Первыми погибли легкие корабли. Не успевшие как следует набрать хода, авизо и контрминонсцы оказались под интенсивным огнем шести и пяти дюймовых орудий крейсеров «Рейли» и «Глостешир». Потеряв ход и пылая от носа до кормы, авизо попытался уйти к берегу. Половина экипажа корабля была ранена или убита. Но «Донья Мария» успела выброситься на берег, в отличие от менее удачливых соратников — контрминоносцев. «Фурор», также охваченный пожаром, взорвался и затонул, унося с собой в пучину почти весь экипаж. «Плутон», который начал тонуть после попадания шестидюймового снаряда в котельное отделение, беспомощно дрейфовал в сторону берега. До которого так и не добрался, затонув примерно в паре кабельтовых от побережья после попадания очередного пятидюймового снаряда.

В это же время строй испанцев окончательно распался. «Кристобаль Колон», уходя от огня «Айовы» и набрав скорость не менее восемнадцати узлов, проскочил между испанскими кораблями и берегом. Прикрываясь при этом корпусами своих соратников от огня американцев. За ним, постепенно отставая, мчался «Император Карлос V» Но этому кораблю не повезло. В то время, когда крейсер шел мимо «Айовы», ее комендоры дали залп одновременно из всех орудий калибром в двенадцать и восемь дюймов. Для практически незащищенного (бронепалуба и двухдюймовая броня казематов) крейсера попадание нескольких тяжелых снарядов стало роковым. Скорость неожиданно упала, пожары вспыхнули сразу в нескольких местах. «Айова» и «Индиана» принялись методично расстреливать слабо огрызающийся огнем уцелевших орудий корабль.

Но хуже всего ситуация сложилась на флагмане. На корме, пораженной двумя двенадцатидюймовыми снарядами, горел пожар. Погасить его не удавалось, а едкий дым пожара заставили расчет кормовой девятидюймовки уйти из башни. Теперь флагман огрызался только редкими выстрелами носовой одиннадцатидюймовки и огнем из уцелевших шестидюймовок и сорокасемимиллиметровок. «Бруклин» и «Орегон» отвечали массированным огнем из всех калибров. «Инфанта Мария Терезия» шла вперед сквозь сплошной лес водяных столбов, временами окутываясь огнем и дымом на месте очередного попадания американского снаряда.
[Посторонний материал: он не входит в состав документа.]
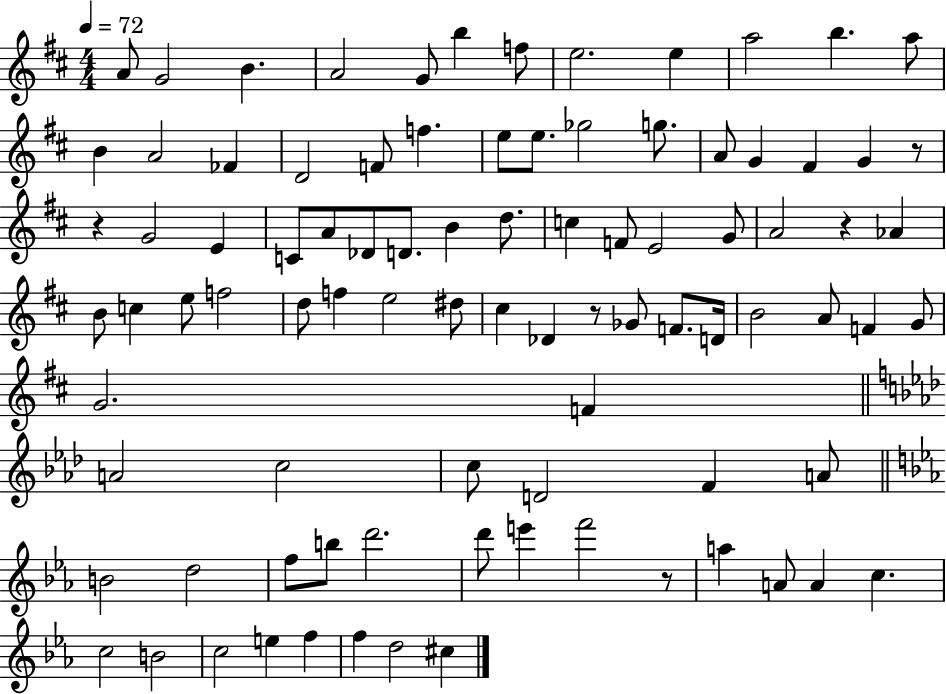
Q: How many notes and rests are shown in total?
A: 90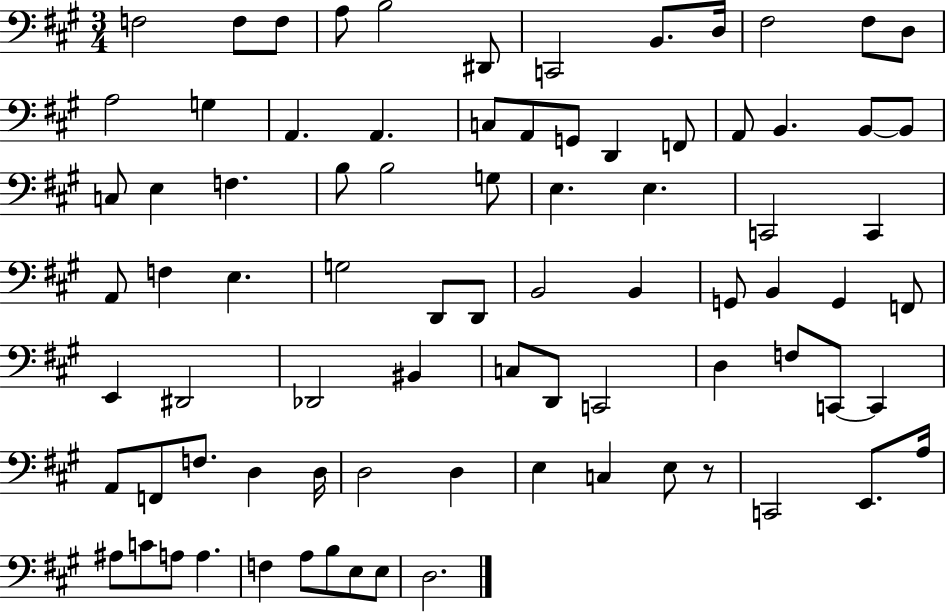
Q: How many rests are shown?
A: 1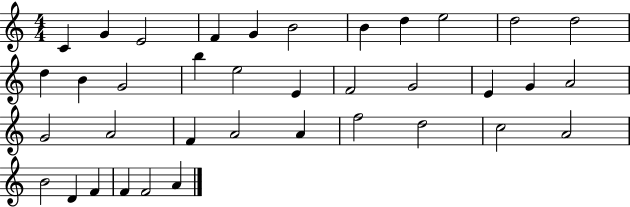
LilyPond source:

{
  \clef treble
  \numericTimeSignature
  \time 4/4
  \key c \major
  c'4 g'4 e'2 | f'4 g'4 b'2 | b'4 d''4 e''2 | d''2 d''2 | \break d''4 b'4 g'2 | b''4 e''2 e'4 | f'2 g'2 | e'4 g'4 a'2 | \break g'2 a'2 | f'4 a'2 a'4 | f''2 d''2 | c''2 a'2 | \break b'2 d'4 f'4 | f'4 f'2 a'4 | \bar "|."
}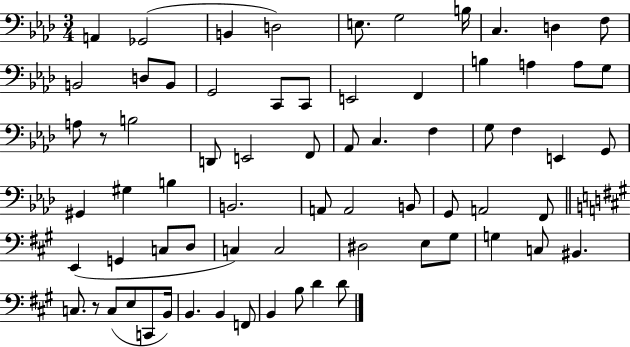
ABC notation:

X:1
T:Untitled
M:3/4
L:1/4
K:Ab
A,, _G,,2 B,, D,2 E,/2 G,2 B,/4 C, D, F,/2 B,,2 D,/2 B,,/2 G,,2 C,,/2 C,,/2 E,,2 F,, B, A, A,/2 G,/2 A,/2 z/2 B,2 D,,/2 E,,2 F,,/2 _A,,/2 C, F, G,/2 F, E,, G,,/2 ^G,, ^G, B, B,,2 A,,/2 A,,2 B,,/2 G,,/2 A,,2 F,,/2 E,, G,, C,/2 D,/2 C, C,2 ^D,2 E,/2 ^G,/2 G, C,/2 ^B,, C,/2 z/2 C,/2 E,/2 C,,/2 B,,/4 B,, B,, F,,/2 B,, B,/2 D D/2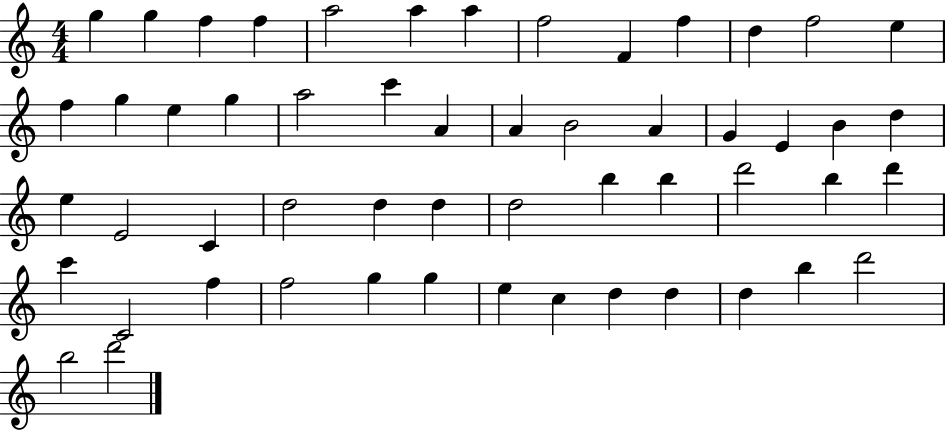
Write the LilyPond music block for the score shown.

Анжу стоял на мостике, крепко вцепившись в леера. Бинокль, болтающийся на ремне, время от времени, после очередной дрожи корпуса от взрыва американского снаряда, чувствительно ударял по груди. Клубы дыма, от сгоревшего пороха и пожаров, застилали обзор. А попав в легкие и глаза — выдавливали кашель и слезы. Но уходить в рубку Петр категорически отказался. Тем более что командир крейсера дон Конкас-и-Палау и большая часть офицеров также оставались на мостике.

Внезапно на носовой башне на миг словно расцвел огненный цветок. Несколько мгновений ничего не происходило, потом корабль тряхнуло так, что Петр невольно упал, не удержавшись. Что спасло его от следующего взрыва, уже на мостике. Снаряд шестифунтового орудия разорвался, убив и поранив большинство из офицеров.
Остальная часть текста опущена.